■ **Exercise prompt**
From the data below, retype exactly the lines starting with the one that contains "Kompetenční výluky ve správním soudnictví" and ending with the one that contains "Danby DDW611WLED Countertop Dishwasher", both included.

■ **Supplied data**
BEGIN

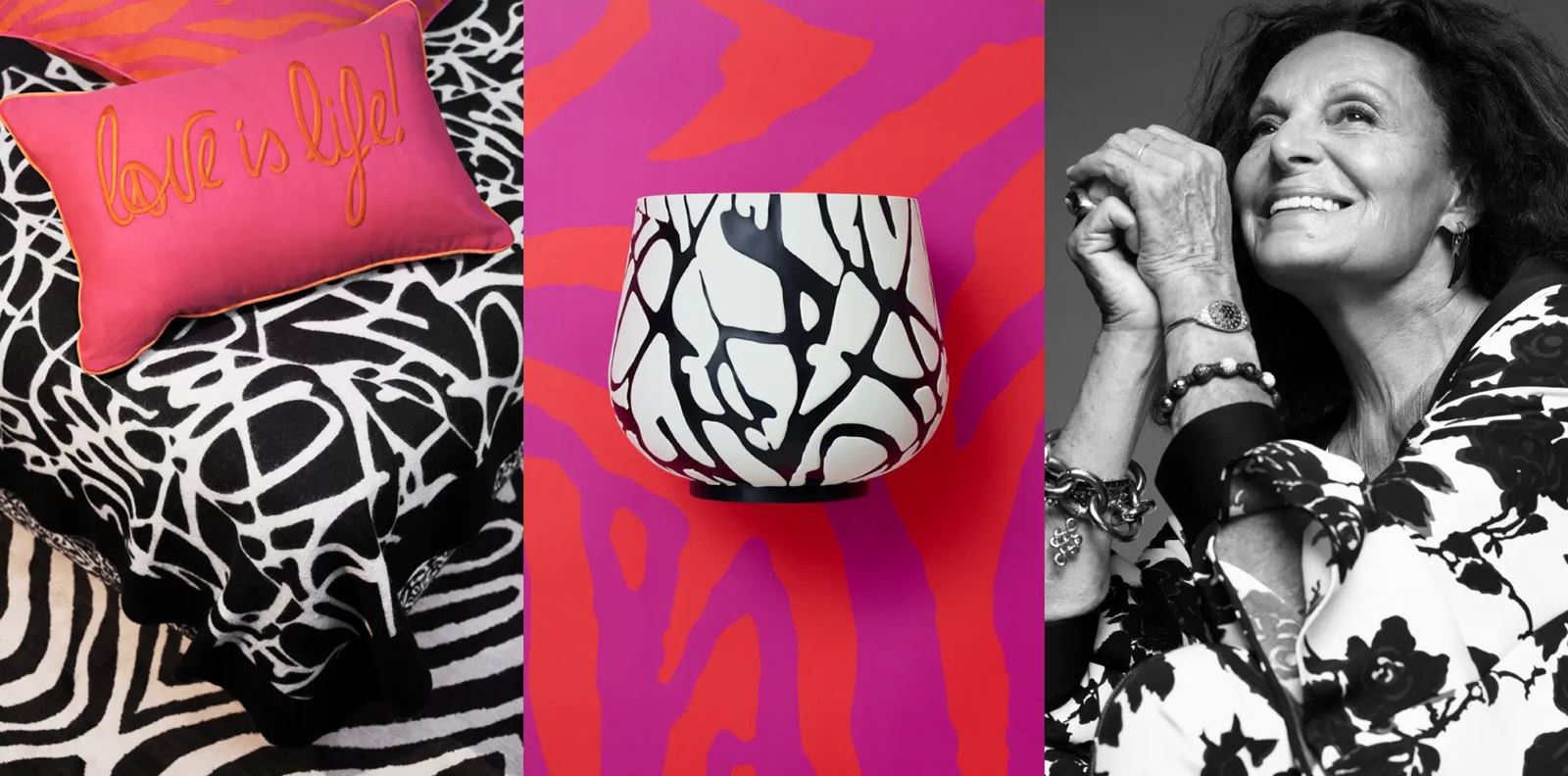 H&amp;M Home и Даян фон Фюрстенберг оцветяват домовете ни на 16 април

END
BEGIN

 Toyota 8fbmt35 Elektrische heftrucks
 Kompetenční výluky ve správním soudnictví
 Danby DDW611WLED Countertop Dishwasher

END
BEGIN

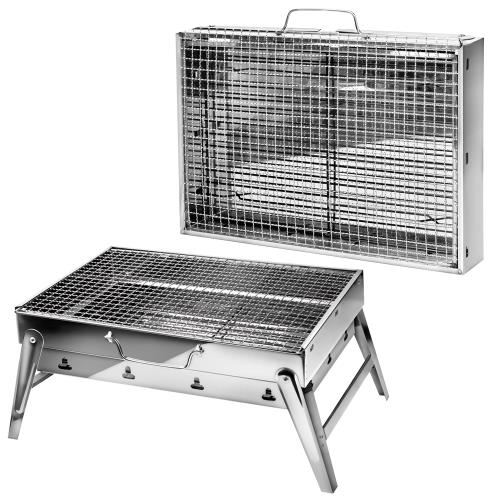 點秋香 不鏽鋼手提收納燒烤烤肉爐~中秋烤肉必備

END

■ **Expected answer**
 Kompetenční výluky ve správním soudnictví
 Danby DDW611WLED Countertop Dishwasher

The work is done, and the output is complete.